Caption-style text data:
######

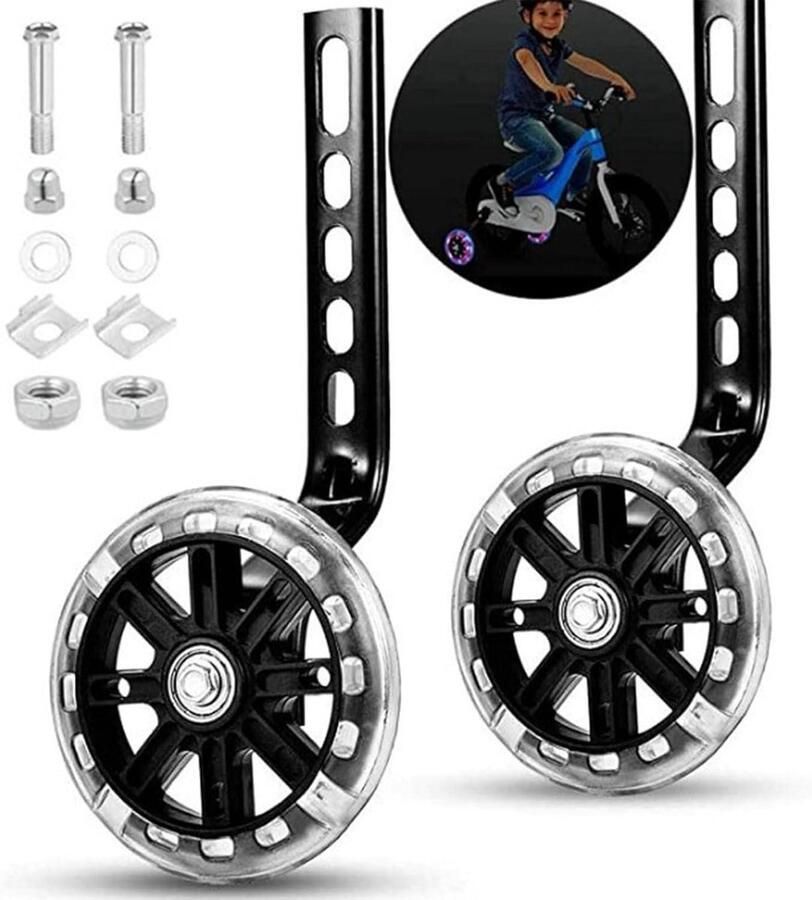 Plus Universele steunwielen voor kinderfiets hulpwielen voor kinderfiets zwart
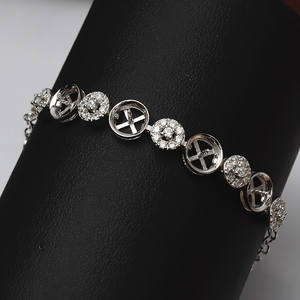 S925 <b>Silver</b> Women's Coarse Crystal <b>Bracelet</b> DIY Empty Accessories Semi-Finished 537 <b>Bead</b> <b>Bracelet</b> - Product Image 5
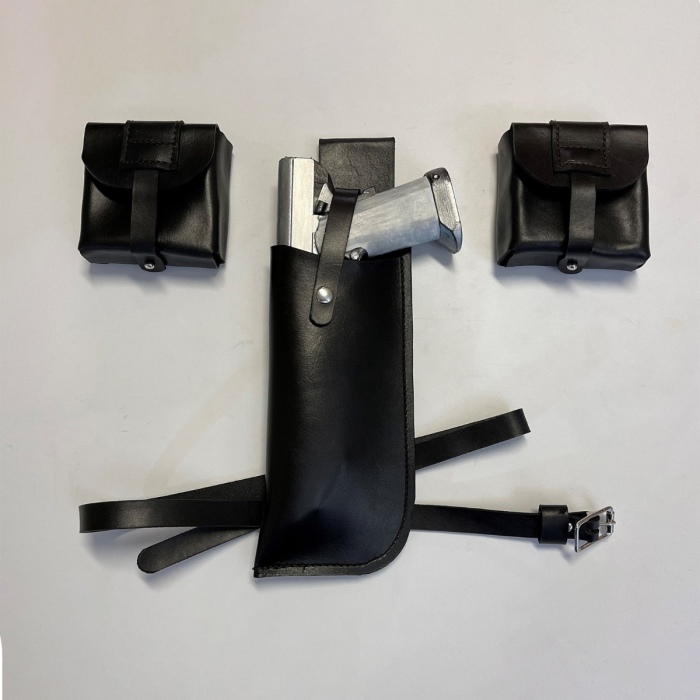 Black Leather Calf Holster And Pouch Set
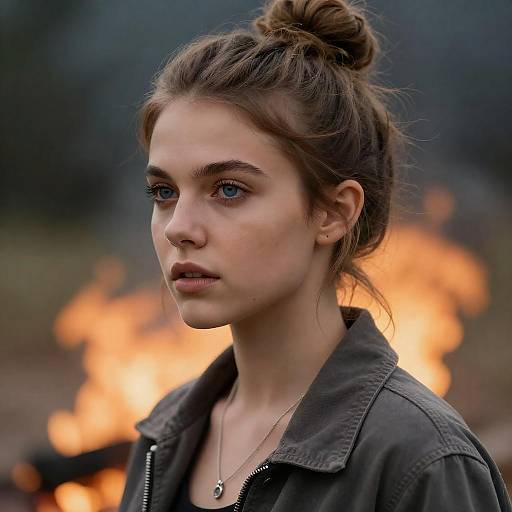 Young Woman with Messy Updo and Flames Background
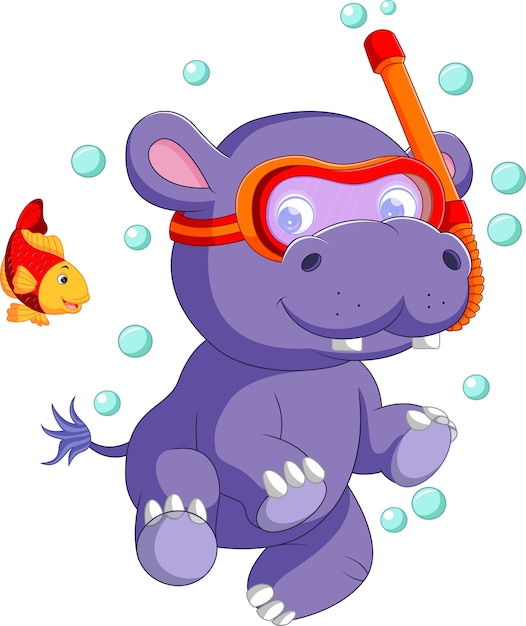 Download Premium Vector | Cute baby hippo cartoon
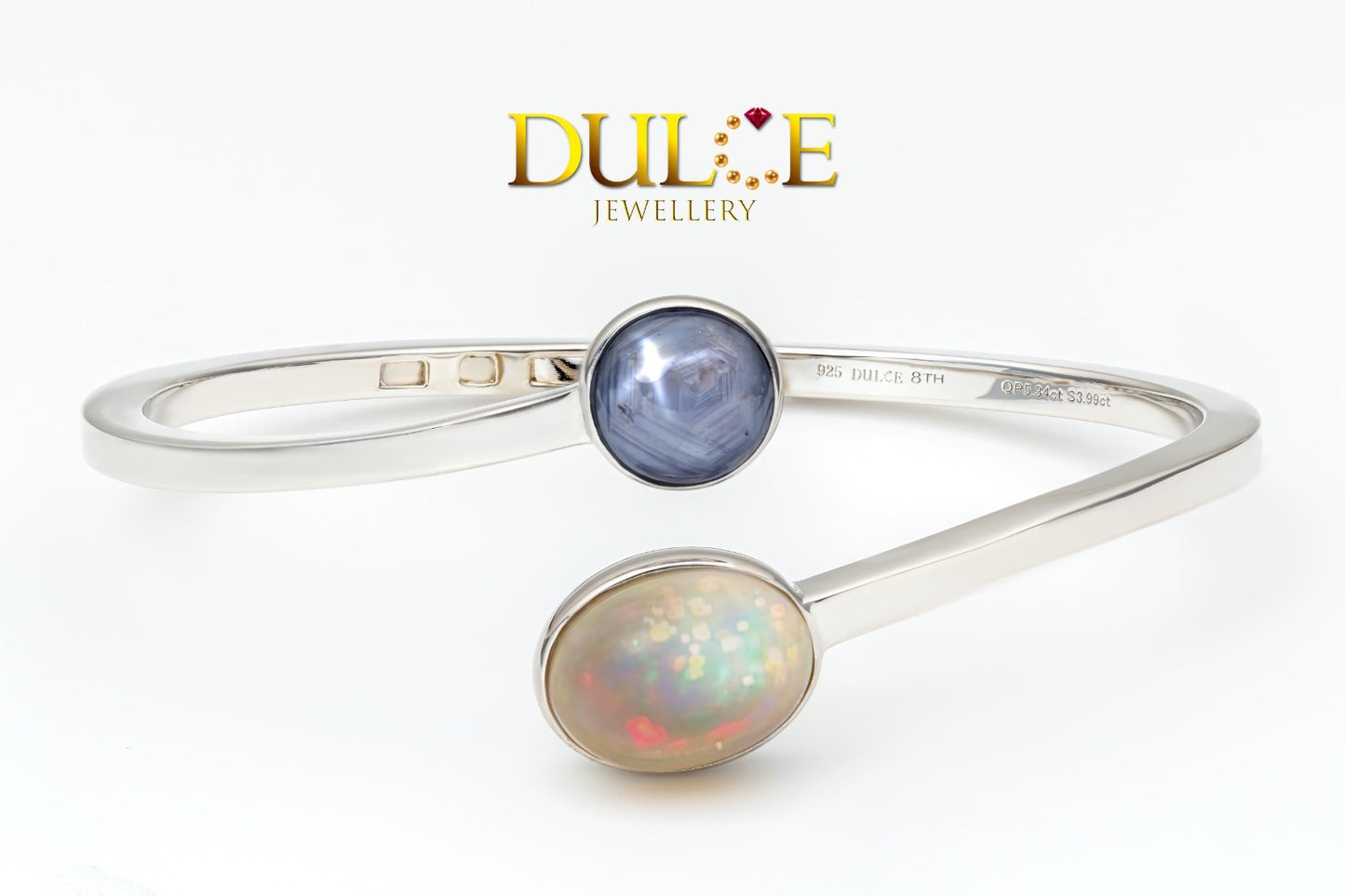Opal & Star Sapphire Silver Bangle (SBANO&S2)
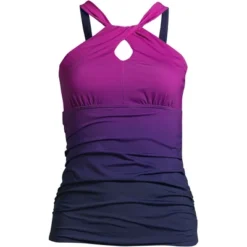 Lands' End Women's Chlorine Resistant High Neck To One Shoulder Multi Way Tankini Swimsuit Top -Trendy Women GUEST 92d03a7e 23dd 4523 9a9b 3ec2c1b89d3f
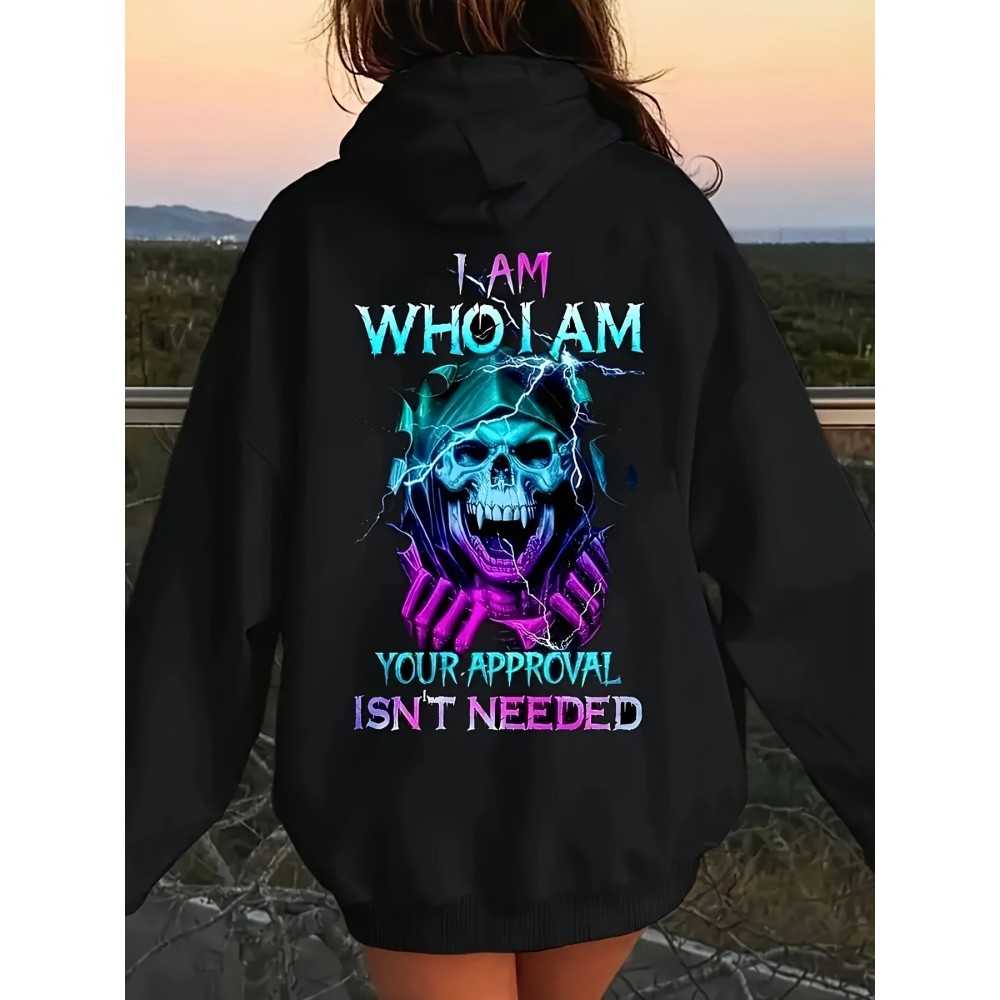 Plus Size Women'S Casual Hoodie with Bold Skull & Letter Print - Soft, Long Sleeve Pullover with Drawstring, Pockets, and 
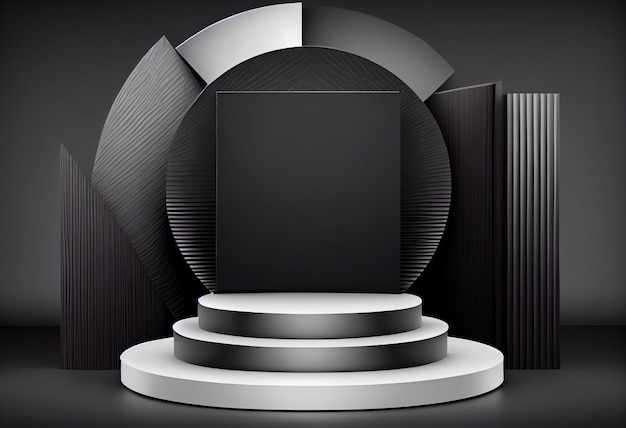 Background for products grey scene with geometric shapes podium mock up pedestal ai generated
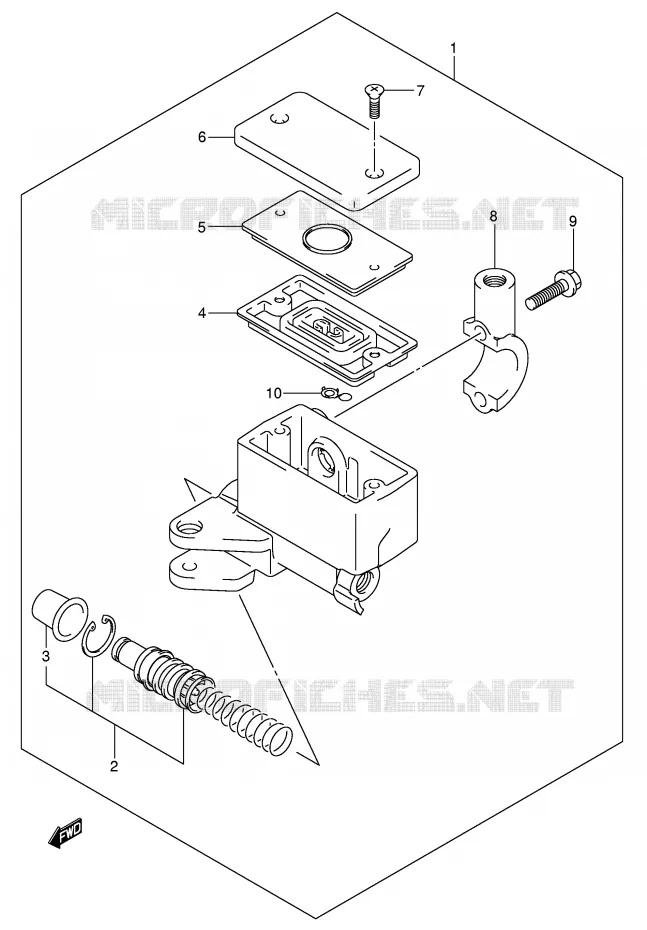 FRONT HOOFDREMCILINDER (SV1000/U1/U2) Suzuki MOTO 1000 SV 2003  SV1000U2K3(E2)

######

WHAT YOU NEED TO DO: I'd like the entries above repeated exactly, but without any of their pictures.

WRITTEN SOLUTION:
 Plus Universele steunwielen voor kinderfiets hulpwielen voor kinderfiets zwart
 S925 <b>Silver</b> Women's Coarse Crystal <b>Bracelet</b> DIY Empty Accessories Semi-Finished 537 <b>Bead</b> <b>Bracelet</b> - Product Image 5
 Black Leather Calf Holster And Pouch Set
 Young Woman with Messy Updo and Flames Background
 Download Premium Vector | Cute baby hippo cartoon
Opal & Star Sapphire Silver Bangle (SBANO&S2)
 Lands' End Women's Chlorine Resistant High Neck To One Shoulder Multi Way Tankini Swimsuit Top -Trendy Women GUEST 92d03a7e 23dd 4523 9a9b 3ec2c1b89d3f
 Plus Size Women'S Casual Hoodie with Bold Skull & Letter Print - Soft, Long Sleeve Pullover with Drawstring, Pockets, and 
 Background for products grey scene with geometric shapes podium mock up pedestal ai generated
 FRONT HOOFDREMCILINDER (SV1000/U1/U2) Suzuki MOTO 1000 SV 2003  SV1000U2K3(E2)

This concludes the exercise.